Joseph Wambaugh retired from the Los Angeles Police Department as a detective sergeant. He gained great popularity as a writer of crime novels, mostly centered on LAPD officers and detectives. In all, Wambaugh penned 16 novels and five nonfiction crime books.
Wambaugh passed away at age 88. I’ve read a few of his books, some of which were made into films, plus the terrific television show, Police Story, which ran for five seasons, was developed with his participation.

Wambaugh joined the LAPD in 1960 and stayed 14 years, during which he wrote the bestsellers The New Centurions, The Blue Knight and The Choir Boys. Fame led him to retire early and turn his attention to writing full time.

Wambaugh’s cops were not cardboard heroes: they drank, cursed, had marital problems and had issues like everyone else. He was credited with showing police work honestly and without sentimentality. He knew the pressures and dark side of the job; cops were human beings and came from the same pool that all of us swim in. Wambaugh was unapologetic for showing cops much differently than the traditionally squeaky clean portrayal.
Times were changing, the attitudes and social freedoms of the 1970s offered writers like Wambaugh a ready audience for the realism, frankness and dark humor found in his books and characters. Hollywood bought up his material for television and feature films. He didn’t create the crime thriller genre, but he opened the floodgates to a new generation of writers who used Wambaugh’s success to widen the genre. Changing standards allowed for more graphic violence, saltier language and mature themes.
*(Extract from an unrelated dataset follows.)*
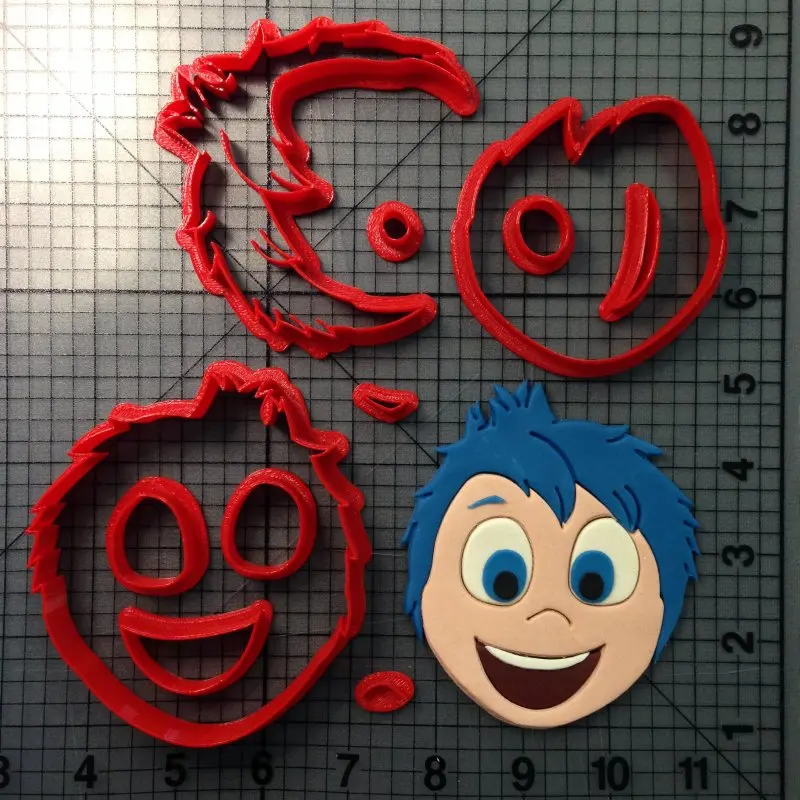 Наизнанку персонажа печенья резак набор радость и грусть гнев боязнь отвращение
Certainly writers like Elmore Leonard, Jim Thompson and Mickey Spillane had been churning out crime novels with hard-boiled characters bending the law, bedding dames and cracking skulls. Wambaugh’s realism tempered his stories with believability and vulnerability.
Not all of Wambaugh’s books centered on cops, and not all were fiction. His first non-fiction book, The Onion Field, about the kidnapping of two LAPD officers and the murder of one of them. The book spent 14 weeks on The New York Times Best Seller List and earned a prestigious Edgar Award. Later, The Onion Field was make into a successful and praised feature film.
Unfortunately, not every adaptation was praised or commercially accepted. After The Choir Boys film disappointed many, especially Wambaugh (who sued the studio), he bought the film right back to several of his books, and pledged to remain as much control over future film adaptations as possible.
Wambaugh wrote his first three books while an LAPD detective, drawing fire from Police Chief Ed Davis, who threatened to fire him. Dragnet producer Jack Webb, a friend of Chief Davis, offered his assistance by reading his first manuscript and identifying potentially troublesome material.
“My homicide partner and I drove to Sunset Boulevard in Beverly Hills and dropped off the manuscript,” Wambaugh recalled in the Royal Canadian Mounted Police Quarterly.
Webb marked 500 passages, each with a paper clip. The novel was published anyway and Wambaugh saved the paper clips as a memento. He and Webb never worked together, or even met, said Wambaugh.
Joseph Wambaugh didn’t compromise. He saw the world through a realistic and kaleidoscopic-type lens, where cops were often very flawed, but interesting people.